The up migration contains 100,001 unique statements, all executed within the same transaction, but sent to the database one-by-one. This migration will take ~30s to complete due to the number of round trips.

Using PostgreSQL as an example, here's what the database logs show:

LOG:  statement: INSERT INTO "users" ("id", "username") VALUES (1, 'gallant_almeida7');
LOG:  statement: INSERT INTO "users" ("id", "username") VALUES (2, 'brave_spence8');
LOG:  statement: INSERT INTO "users" ("id", "username") VALUES (3, 'lucid_bardeen6');
[...] 100,000 log statements

However, if we wrap the inserts with -- +goose statementbegin and -- +goose statementend annotations, the entire block will be sent to the server as a single command.

A single command still contains several statements separated by semicolons, but they get sent to the server in the same query string: "INSERT INTO ...; INSERT INTO ...;".

-- +goose up
CREATE TABLE users (
    id int NOT NULL PRIMARY KEY,
    username text,
    name text,
    surname text
);

-- +goose statementbegin
INSERT INTO "users" ("id", "username") VALUES (1, 'gallant_almeida7');
INSERT INTO "users" ("id", "username") VALUES (2, 'brave_spence8');
.
.
INSERT INTO "users" ("id", "username") VALUES (99999, 'jovial_chaum1');
INSERT INTO "users" ("id", "username") VALUES (100000, 'goofy_ptolemy0');
-- +goose statementend

-- +goose down
DROP TABLE users;

These annotations instruct goose to execute the entire block as a single statement. Yes, that's a larger payload, but that's fine and the migration will execute in ~3s, which is an order of magnitude faster as compared to the previous example that ran in ~30s.

No transaction

All statements within a single migration file are run within the same transaction. However, some statements, like CREATE DATABASE or CREATE INDEX CONCURRENTLY, cannot be run within a transaction block.

For such cases add the -- +goose no transaction annotation, usually placed at the top of the file.

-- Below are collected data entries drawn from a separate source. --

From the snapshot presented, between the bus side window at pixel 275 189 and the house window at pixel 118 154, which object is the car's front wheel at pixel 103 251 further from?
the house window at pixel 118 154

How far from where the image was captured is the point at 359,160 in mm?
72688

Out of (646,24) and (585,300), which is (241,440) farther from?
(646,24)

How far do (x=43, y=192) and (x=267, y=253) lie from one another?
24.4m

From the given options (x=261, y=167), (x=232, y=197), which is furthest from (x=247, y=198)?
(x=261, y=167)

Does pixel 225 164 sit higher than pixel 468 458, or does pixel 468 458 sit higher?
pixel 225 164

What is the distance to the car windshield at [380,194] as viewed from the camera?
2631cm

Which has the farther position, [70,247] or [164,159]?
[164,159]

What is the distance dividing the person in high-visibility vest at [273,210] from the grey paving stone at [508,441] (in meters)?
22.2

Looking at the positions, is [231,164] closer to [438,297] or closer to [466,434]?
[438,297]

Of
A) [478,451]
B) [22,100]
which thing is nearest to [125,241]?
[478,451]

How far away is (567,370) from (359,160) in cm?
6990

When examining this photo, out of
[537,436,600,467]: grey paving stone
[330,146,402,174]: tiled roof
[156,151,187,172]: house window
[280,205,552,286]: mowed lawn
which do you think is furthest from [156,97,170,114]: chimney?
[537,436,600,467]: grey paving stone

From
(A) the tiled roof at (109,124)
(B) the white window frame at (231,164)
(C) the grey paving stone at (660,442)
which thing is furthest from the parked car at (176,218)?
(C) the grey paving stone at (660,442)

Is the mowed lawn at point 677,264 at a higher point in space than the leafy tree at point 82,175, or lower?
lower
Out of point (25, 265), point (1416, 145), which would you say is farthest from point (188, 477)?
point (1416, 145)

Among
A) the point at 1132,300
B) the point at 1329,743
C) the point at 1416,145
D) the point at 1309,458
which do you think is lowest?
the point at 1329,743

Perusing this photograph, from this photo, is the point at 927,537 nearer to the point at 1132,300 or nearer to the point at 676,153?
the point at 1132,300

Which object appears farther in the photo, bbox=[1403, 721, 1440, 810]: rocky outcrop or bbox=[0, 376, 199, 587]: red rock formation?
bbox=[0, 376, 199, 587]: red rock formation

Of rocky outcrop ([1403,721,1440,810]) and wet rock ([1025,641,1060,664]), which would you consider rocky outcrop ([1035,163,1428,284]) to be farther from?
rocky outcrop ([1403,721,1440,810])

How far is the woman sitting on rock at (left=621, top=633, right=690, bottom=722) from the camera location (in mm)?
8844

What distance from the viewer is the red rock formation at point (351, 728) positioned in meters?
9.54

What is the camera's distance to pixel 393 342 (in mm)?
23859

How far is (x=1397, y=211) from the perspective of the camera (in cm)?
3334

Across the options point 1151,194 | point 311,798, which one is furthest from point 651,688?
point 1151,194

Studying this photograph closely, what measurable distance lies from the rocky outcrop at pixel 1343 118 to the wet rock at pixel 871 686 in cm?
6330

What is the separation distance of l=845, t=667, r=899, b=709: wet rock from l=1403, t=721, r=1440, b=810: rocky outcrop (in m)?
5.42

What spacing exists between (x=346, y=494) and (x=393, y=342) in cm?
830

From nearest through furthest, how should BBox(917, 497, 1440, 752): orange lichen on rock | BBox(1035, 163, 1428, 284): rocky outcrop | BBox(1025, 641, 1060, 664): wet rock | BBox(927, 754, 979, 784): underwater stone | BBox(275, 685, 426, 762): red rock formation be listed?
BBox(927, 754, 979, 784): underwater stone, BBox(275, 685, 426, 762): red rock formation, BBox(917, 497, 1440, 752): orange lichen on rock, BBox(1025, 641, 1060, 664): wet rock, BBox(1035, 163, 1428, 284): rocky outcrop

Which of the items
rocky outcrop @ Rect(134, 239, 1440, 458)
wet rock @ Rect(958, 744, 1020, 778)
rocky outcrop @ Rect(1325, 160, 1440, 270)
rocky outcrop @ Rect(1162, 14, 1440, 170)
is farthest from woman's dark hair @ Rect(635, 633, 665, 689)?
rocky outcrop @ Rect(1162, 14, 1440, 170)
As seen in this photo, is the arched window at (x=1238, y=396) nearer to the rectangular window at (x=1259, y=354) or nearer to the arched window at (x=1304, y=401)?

This annotation instructs goose to run all statements within the file outside a transaction. This applies to all up and down statements within the file.

-- +goose no transaction

-- +goose up
CREATE INDEX CONCURRENTLY ON users (user_id);

-- +goose down
DROP INDEX users_user_id_idx;

Environment variable substitution

Goose supports environment variable substitution in SQL migration files. This is useful for parameterizing SQL queries with values that are not known at the time of writing the migration.

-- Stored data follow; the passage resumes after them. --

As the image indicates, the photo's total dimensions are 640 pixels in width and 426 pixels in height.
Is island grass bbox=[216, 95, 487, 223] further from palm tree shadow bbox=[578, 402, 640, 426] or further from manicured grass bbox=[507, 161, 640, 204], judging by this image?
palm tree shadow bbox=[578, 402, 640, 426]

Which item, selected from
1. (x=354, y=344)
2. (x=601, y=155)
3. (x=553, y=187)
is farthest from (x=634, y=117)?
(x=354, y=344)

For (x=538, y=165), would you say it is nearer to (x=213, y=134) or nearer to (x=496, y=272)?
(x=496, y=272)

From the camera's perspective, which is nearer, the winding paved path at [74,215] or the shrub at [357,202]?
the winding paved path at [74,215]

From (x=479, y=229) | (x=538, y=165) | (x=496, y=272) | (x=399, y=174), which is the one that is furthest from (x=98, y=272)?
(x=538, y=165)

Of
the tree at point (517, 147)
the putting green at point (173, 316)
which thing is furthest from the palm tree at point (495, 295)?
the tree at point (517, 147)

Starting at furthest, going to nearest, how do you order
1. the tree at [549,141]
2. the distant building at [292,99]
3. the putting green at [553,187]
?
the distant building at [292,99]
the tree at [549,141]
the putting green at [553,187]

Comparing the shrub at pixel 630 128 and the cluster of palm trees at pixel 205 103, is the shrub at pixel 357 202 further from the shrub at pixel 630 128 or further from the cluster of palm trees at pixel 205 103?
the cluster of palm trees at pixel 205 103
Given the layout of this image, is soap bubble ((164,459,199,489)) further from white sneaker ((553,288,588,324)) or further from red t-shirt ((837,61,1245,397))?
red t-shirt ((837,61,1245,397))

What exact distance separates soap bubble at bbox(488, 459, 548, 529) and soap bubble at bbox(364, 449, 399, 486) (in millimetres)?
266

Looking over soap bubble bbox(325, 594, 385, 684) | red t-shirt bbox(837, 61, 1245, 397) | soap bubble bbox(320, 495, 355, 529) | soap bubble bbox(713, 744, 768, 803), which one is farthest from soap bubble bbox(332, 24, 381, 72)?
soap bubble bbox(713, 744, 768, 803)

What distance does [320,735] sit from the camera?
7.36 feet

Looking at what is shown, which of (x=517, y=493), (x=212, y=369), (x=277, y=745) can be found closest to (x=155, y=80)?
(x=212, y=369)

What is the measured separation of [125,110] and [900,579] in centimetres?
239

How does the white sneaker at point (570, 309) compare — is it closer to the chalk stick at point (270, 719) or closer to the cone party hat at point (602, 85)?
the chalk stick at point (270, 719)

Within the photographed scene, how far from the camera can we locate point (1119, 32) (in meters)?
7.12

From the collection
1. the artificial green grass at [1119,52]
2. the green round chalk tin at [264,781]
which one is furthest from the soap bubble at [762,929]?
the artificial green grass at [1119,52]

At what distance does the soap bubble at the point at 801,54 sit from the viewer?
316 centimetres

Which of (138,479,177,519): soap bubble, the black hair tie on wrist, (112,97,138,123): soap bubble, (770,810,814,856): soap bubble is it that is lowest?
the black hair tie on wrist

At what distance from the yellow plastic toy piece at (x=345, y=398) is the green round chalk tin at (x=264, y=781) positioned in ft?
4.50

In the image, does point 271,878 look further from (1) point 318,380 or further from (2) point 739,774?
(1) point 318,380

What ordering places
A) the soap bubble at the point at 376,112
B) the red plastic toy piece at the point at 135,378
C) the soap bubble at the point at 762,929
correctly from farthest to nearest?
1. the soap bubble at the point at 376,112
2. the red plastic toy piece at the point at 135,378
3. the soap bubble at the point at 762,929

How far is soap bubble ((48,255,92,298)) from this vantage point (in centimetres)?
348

Substitution is disabled by default. To enable it, add the -- +goose envsub on annotation at the location where you want to start substituting environment variables. This could be at the top of the file, which enables substitution for the entire file, or at a specific location within the file.

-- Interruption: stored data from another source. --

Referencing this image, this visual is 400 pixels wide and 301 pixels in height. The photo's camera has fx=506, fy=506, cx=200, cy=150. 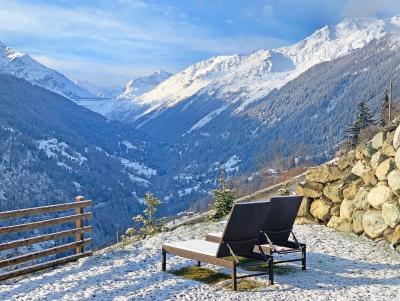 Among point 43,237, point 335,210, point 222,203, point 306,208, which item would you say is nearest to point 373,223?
point 335,210

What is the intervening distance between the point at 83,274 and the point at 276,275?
404 cm

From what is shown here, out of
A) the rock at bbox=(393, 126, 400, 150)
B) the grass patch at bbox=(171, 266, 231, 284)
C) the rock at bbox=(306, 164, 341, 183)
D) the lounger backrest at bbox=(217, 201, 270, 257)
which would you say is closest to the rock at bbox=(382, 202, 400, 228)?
the rock at bbox=(393, 126, 400, 150)

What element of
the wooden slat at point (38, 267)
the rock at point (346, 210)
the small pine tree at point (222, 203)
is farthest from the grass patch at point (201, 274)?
the small pine tree at point (222, 203)

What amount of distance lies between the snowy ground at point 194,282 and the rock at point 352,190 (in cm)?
191

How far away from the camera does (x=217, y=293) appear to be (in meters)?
8.79

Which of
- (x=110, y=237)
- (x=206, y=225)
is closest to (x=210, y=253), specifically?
(x=206, y=225)

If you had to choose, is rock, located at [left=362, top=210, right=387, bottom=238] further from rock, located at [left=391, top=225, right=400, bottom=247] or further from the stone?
the stone

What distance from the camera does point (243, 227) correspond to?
9039 millimetres

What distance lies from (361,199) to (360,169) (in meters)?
1.44

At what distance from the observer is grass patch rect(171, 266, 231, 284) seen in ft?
32.2

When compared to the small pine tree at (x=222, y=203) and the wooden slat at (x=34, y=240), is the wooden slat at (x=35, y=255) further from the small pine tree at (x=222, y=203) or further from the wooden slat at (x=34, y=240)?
the small pine tree at (x=222, y=203)

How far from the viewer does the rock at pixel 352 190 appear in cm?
1492

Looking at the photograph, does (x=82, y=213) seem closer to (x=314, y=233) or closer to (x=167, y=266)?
(x=167, y=266)

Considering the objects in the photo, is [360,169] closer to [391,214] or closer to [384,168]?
[384,168]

goose will attempt to substitute environment variables until the end of the file, or until the annotation -- +goose envsub off is found.

For example, if the environment variable REGION is set to us_east_1, the following SQL migration will be substituted to SELECT * FROM regions WHERE name = 'us_east_1';.

-- +goose envsub on

-- +goose up
SELECT * FROM regions WHERE name = '${REGION}';

Supported expansions

${parameter} or $parameter
${parameter:-[word]}
${parameter-[word]}
${parameter:[offset]}
${parameter:[offset]:[length]}
${parameter?[word]}
${parameter:?[word]} (coming soon)

For an explanation of each expansion, refer to the mfridman/interpolate package. In due time, we'll update the documentation to reflect the supported expansions.